## Exercise data
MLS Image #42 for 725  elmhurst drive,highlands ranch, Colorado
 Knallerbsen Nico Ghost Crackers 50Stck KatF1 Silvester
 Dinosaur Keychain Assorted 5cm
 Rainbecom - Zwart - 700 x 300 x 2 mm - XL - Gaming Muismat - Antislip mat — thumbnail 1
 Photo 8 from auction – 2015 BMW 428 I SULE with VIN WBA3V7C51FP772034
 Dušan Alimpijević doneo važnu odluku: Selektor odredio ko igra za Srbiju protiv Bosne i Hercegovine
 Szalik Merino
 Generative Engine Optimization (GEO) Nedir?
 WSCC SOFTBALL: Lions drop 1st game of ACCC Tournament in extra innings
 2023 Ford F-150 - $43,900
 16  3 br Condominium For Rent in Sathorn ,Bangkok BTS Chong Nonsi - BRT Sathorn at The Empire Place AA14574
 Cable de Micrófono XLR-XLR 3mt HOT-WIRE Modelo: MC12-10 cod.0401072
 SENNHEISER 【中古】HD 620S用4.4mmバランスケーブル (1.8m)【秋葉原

## The problem
An exact copy of the lines from the one containing "2023 Ford F-150 - $43,900" through the last line of the material, both included, is to be printed, and nothing else.

## Answer below
 2023 Ford F-150 - $43,900
 16  3 br Condominium For Rent in Sathorn ,Bangkok BTS Chong Nonsi - BRT Sathorn at The Empire Place AA14574
 Cable de Micrófono XLR-XLR 3mt HOT-WIRE Modelo: MC12-10 cod.0401072
 SENNHEISER 【中古】HD 620S用4.4mmバランスケーブル (1.8m)【秋葉原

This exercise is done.